Chris Stricklin’s fourth book, ‘Building Resilience,’ earns Best Seller status

Published 12:49 pm Tuesday, May 23, 2023

Getting your Trinity Audio player ready...

By EMILY SPARACINO | Special to the Reporter

CHELSEA – Some of the most influential people in local resident and author Chris Stricklin’s life are people he has never met in person.

Although Stricklin, a retired United States Air Force colonel, has crossed paths with many people through the military and his work as president of Dunn Investment Company’s Dunn University, his book projects—including the latest one this year—have given him a new set of mentors and friends.
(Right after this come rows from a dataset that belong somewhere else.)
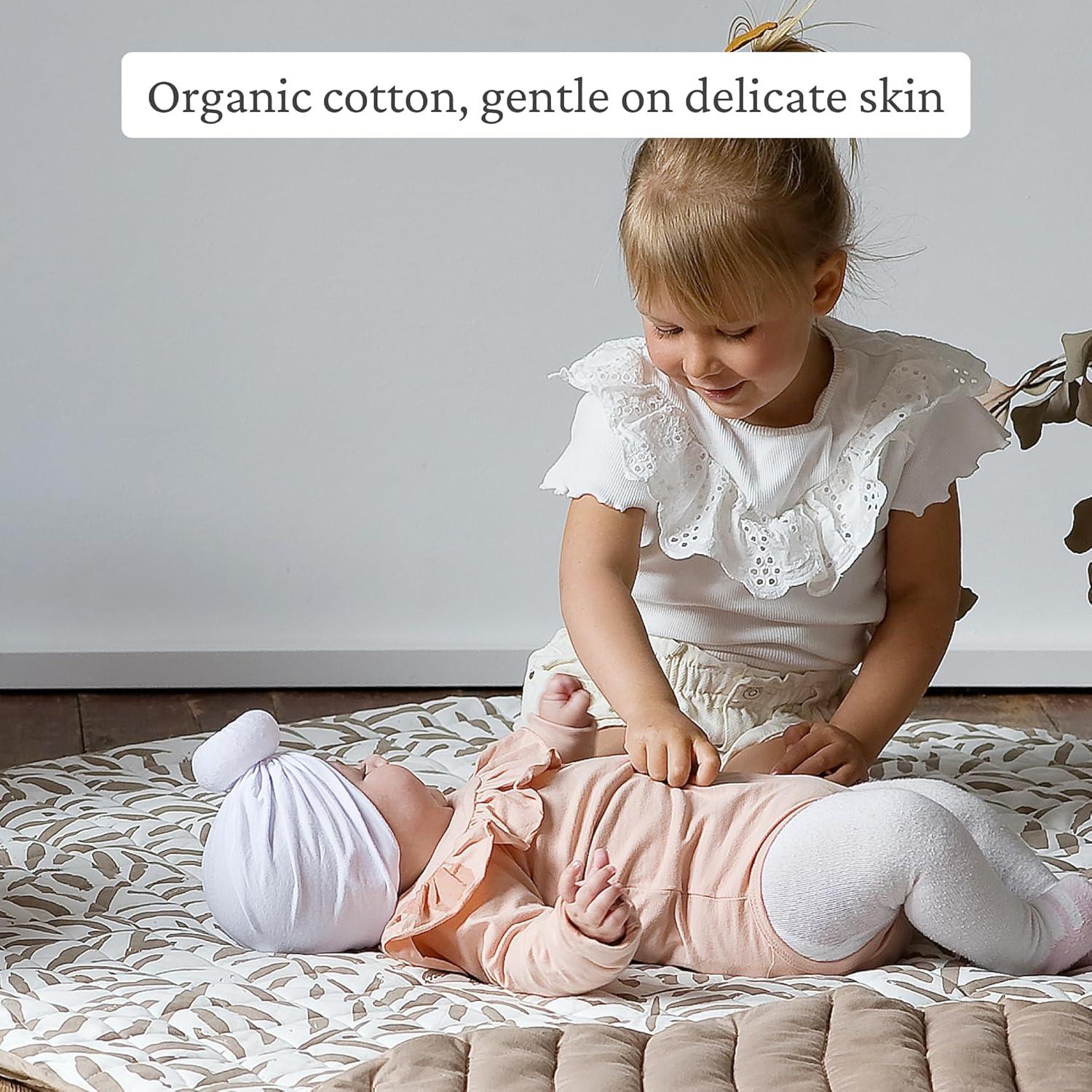 Alfombra de Juego Reversible Toddlekind 127x127cm Algodón Orgánico Beige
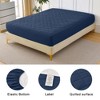NicBex Waterproof Mattress Pad,Diamond Grid Ultrasonic Mattress Protector with Brushed Fabric and Cotton Filling,Machine Washable - 4 of 4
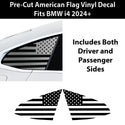 Fits BMW i4 2022+ Quarter Window American Flag Vinyl Decal Stickers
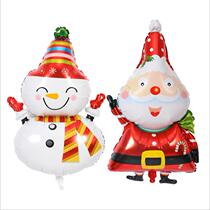 Christmas New Years Day decoration balloon Santa Claus snowman balloon Christmas decoration aluminum film balloon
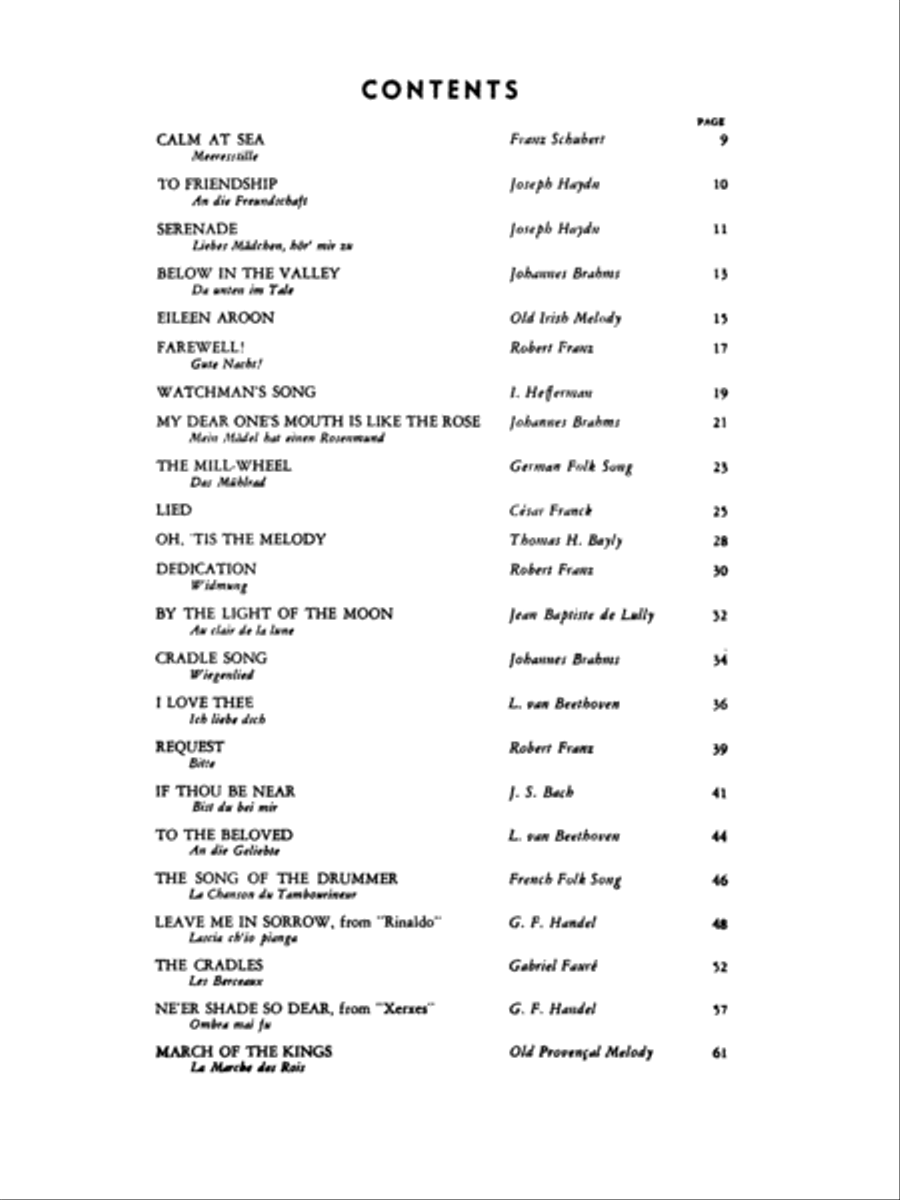 Pathways of Song, Volume 2 Voice scores gallery preview page 3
Stricklin co-authored his latest book, “Building Resilience: How to Move Past Fear Into Real Toughness as a Team,” with Robert Teschner, Luke Layman, Robert Garland and Brian Emme, fellow veteran fighter pilots who connected virtually to complete the project.

“Even though we have shared experiences and served in the military at the same time, we have never met each other in person,” Stricklin said. “It proves that meaningful relationships are not always about being face-to-face; it’s about having someone you can pick up the phone and call and get advice from.”

Stricklin credits these relationships with helping him fulfill one of his ongoing goals in life: to use his personal experiences to help others face their circumstances, whatever they are.

“Resiliency is not about surviving those situations, it’s about growing through those situations,” Stricklin said. “The best thing I can hear from somebody is, ‘This book made a difference in my life.’”

If anyone knows what persevering through challenging situations looks like, it’s Stricklin. While serving as a fighter pilot, Stricklin endured a near-death experience when he was ejected from an F-16 during a Thunderbirds Air Show.

Coping with the trauma has not been quick or easy for Stricklin, but one way he has worked through the emotional impact of the incident is by writing about it.

His writing journey, however, did not begin with the air show incident. Stricklin first put pen to paper to mark his and his wife, Terri’s, 20th wedding anniversary, a milestone they could not celebrate together because he had been deployed to Afghanistan.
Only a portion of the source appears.